◆ **TASK BRIEF**
In your copy, include every line of the records exactly and no picture at all.

[Data excerpts]
━━━━━━━━━━━━━━━━
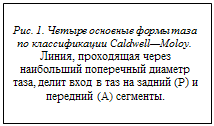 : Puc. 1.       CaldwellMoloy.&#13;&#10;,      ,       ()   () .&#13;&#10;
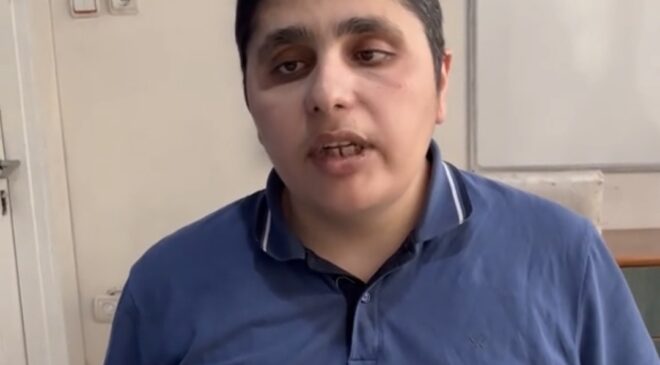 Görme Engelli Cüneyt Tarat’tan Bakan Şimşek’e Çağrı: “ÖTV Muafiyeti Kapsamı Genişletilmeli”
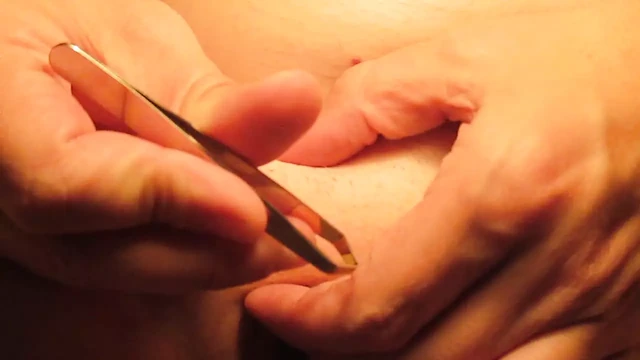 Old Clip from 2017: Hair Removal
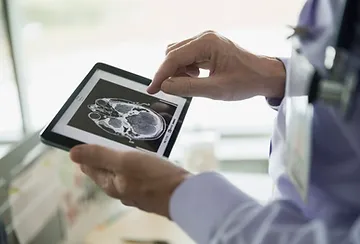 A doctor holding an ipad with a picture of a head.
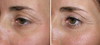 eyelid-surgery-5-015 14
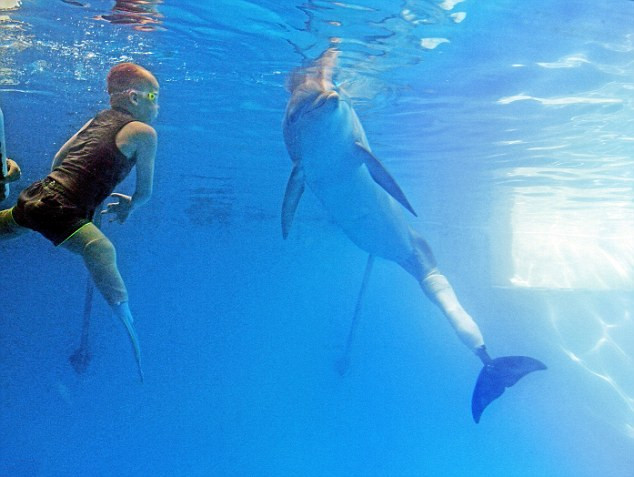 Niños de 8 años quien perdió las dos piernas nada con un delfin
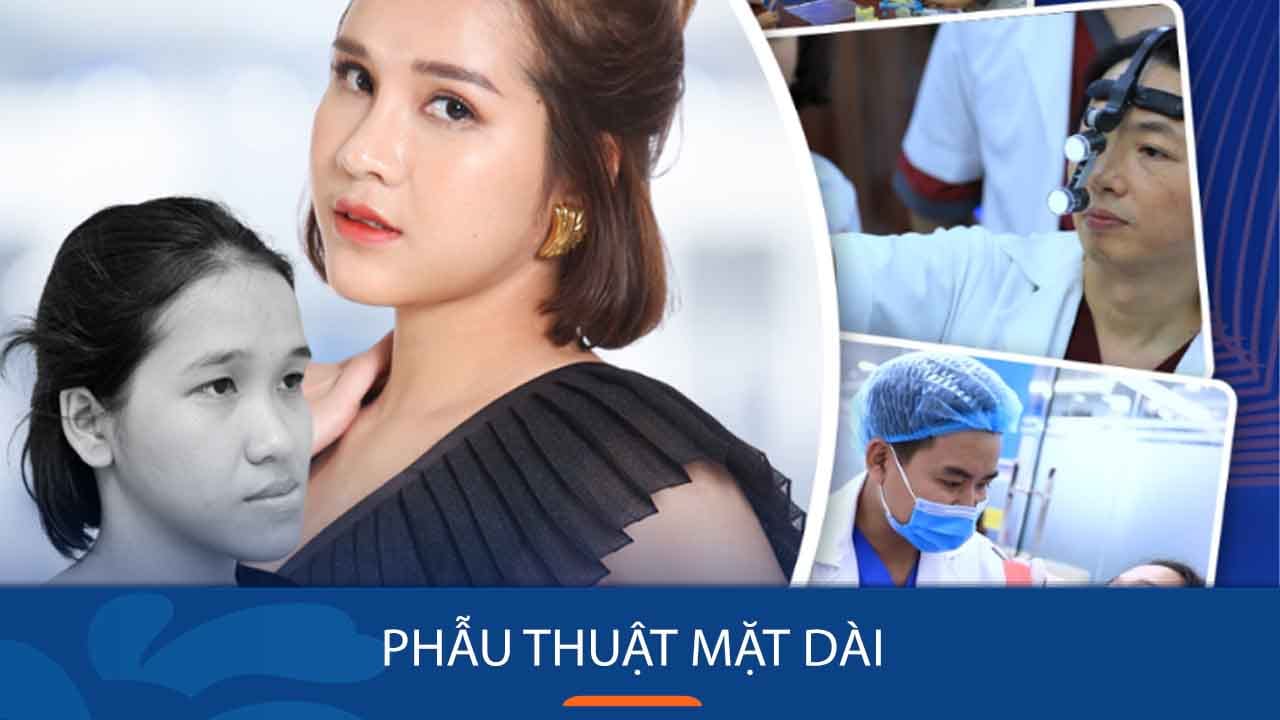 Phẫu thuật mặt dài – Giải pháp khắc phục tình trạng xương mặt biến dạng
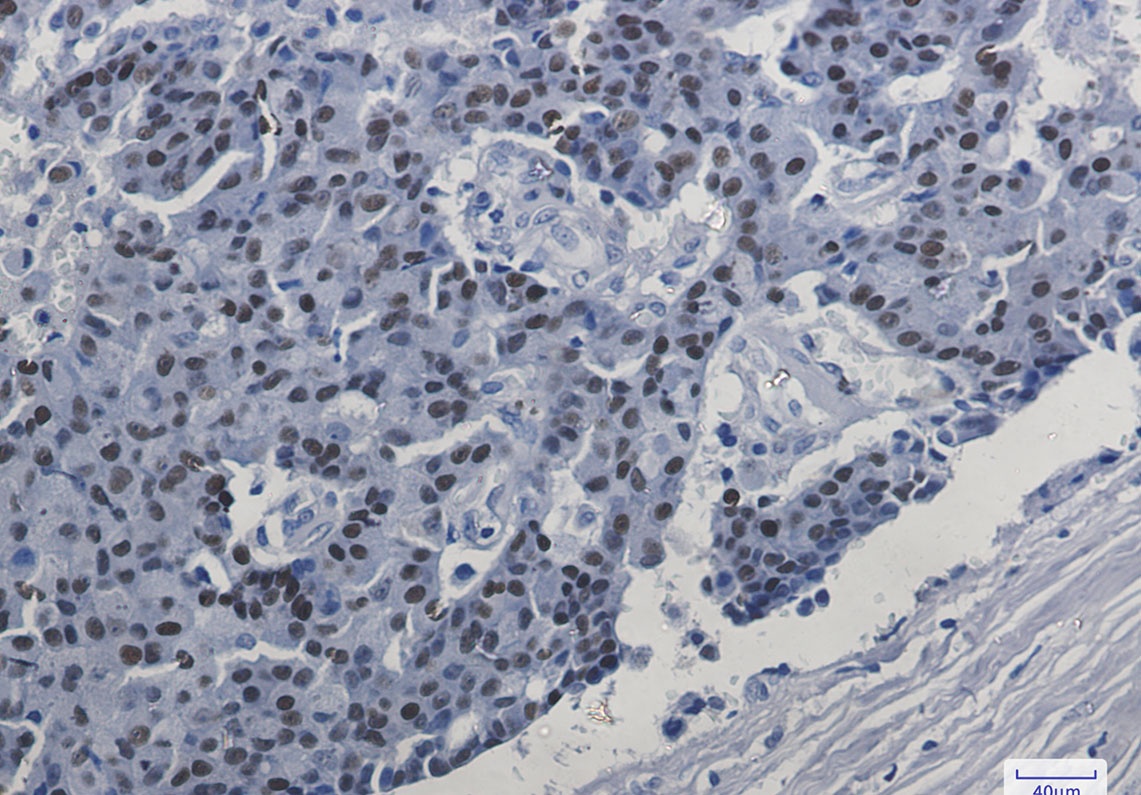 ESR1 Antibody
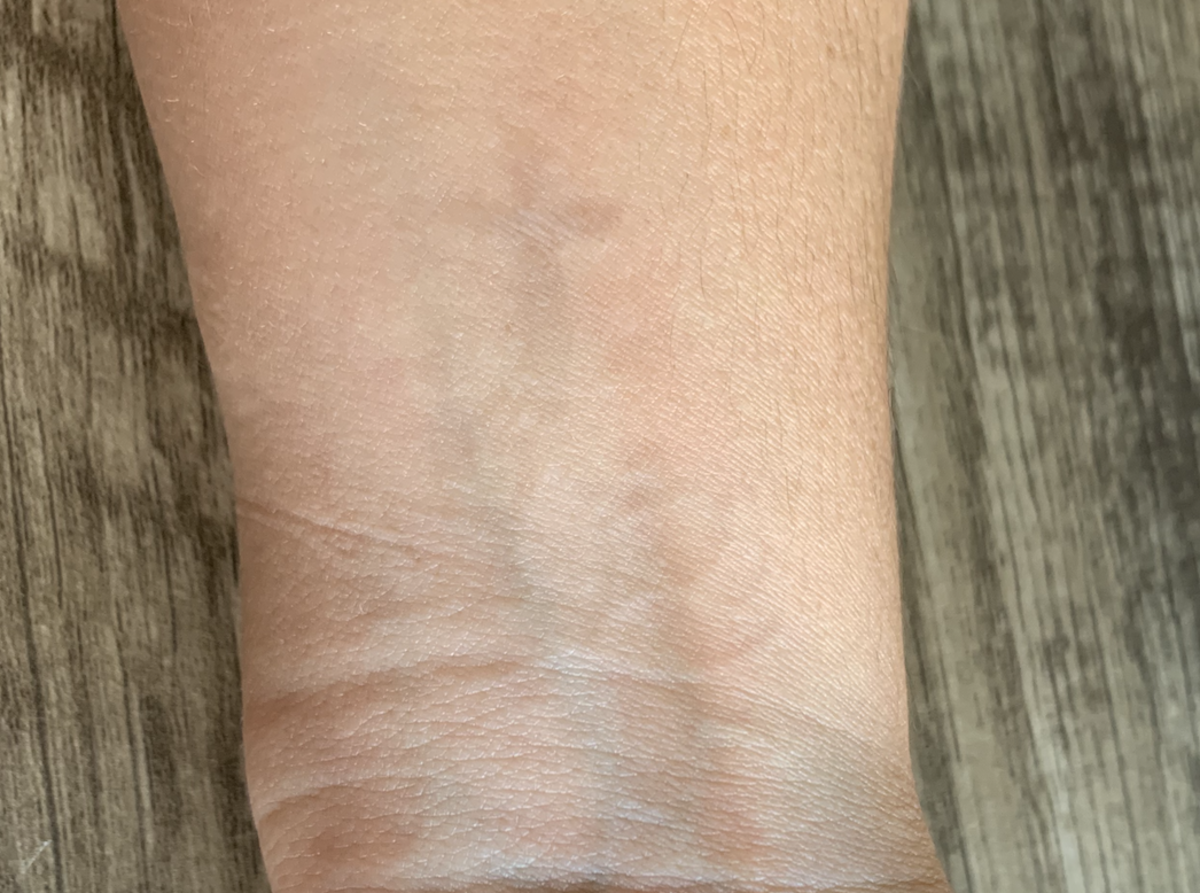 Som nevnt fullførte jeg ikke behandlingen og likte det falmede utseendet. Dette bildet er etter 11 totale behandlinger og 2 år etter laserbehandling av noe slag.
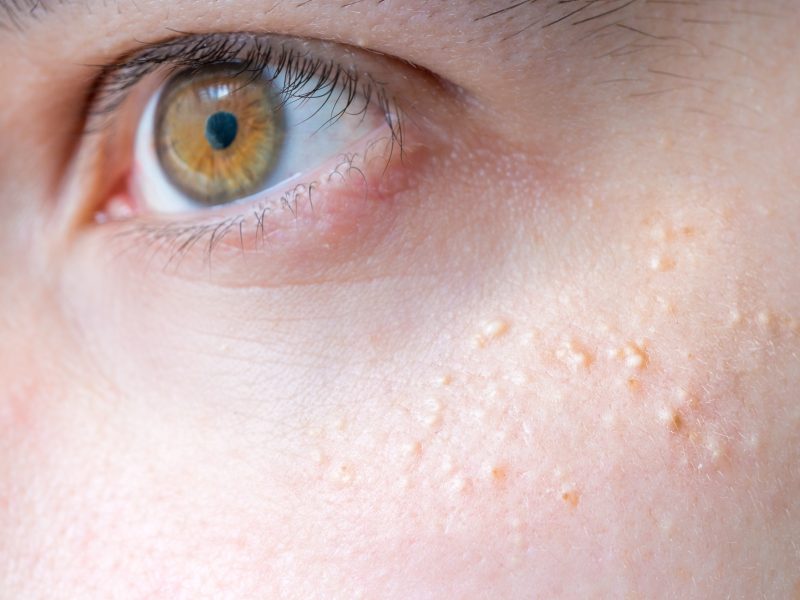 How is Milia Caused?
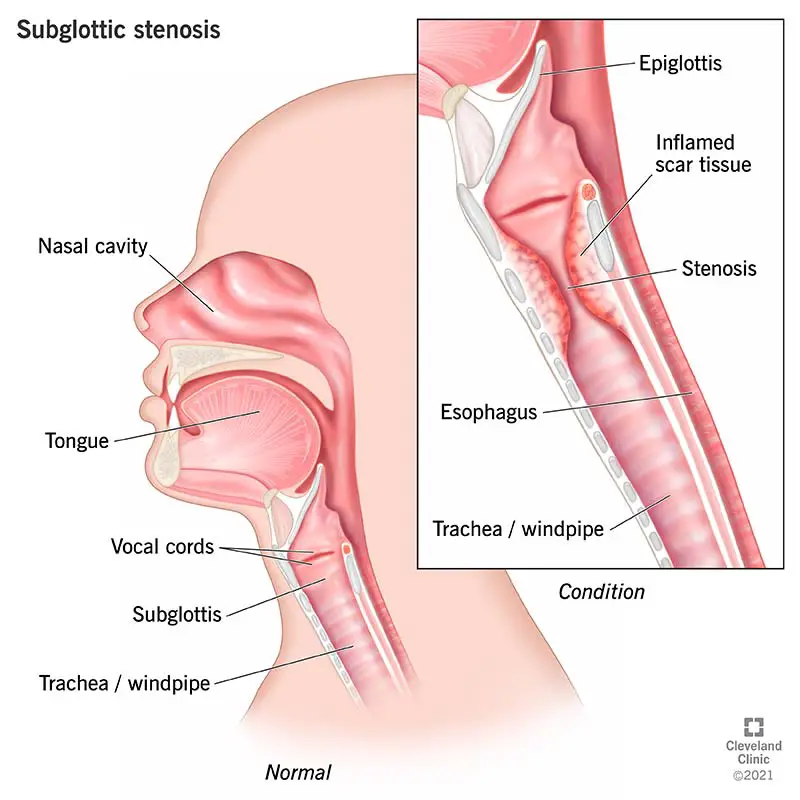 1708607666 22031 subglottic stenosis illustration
━━━━━━━━━━━━━━━━
◆ **TASK RESULT**
 : Puc. 1.       CaldwellMoloy.&#13;&#10;,      ,       ()   () .&#13;&#10;
 Görme Engelli Cüneyt Tarat’tan Bakan Şimşek’e Çağrı: “ÖTV Muafiyeti Kapsamı Genişletilmeli”
 Old Clip from 2017: Hair Removal
 A doctor holding an ipad with a picture of a head.
 eyelid-surgery-5-015 14
 Niños de 8 años quien perdió las dos piernas nada con un delfin
 Phẫu thuật mặt dài – Giải pháp khắc phục tình trạng xương mặt biến dạng
 ESR1 Antibody
 Som nevnt fullførte jeg ikke behandlingen og likte det falmede utseendet. Dette bildet er etter 11 totale behandlinger og 2 år etter laserbehandling av noe slag.
 How is Milia Caused?
 1708607666 22031 subglottic stenosis illustration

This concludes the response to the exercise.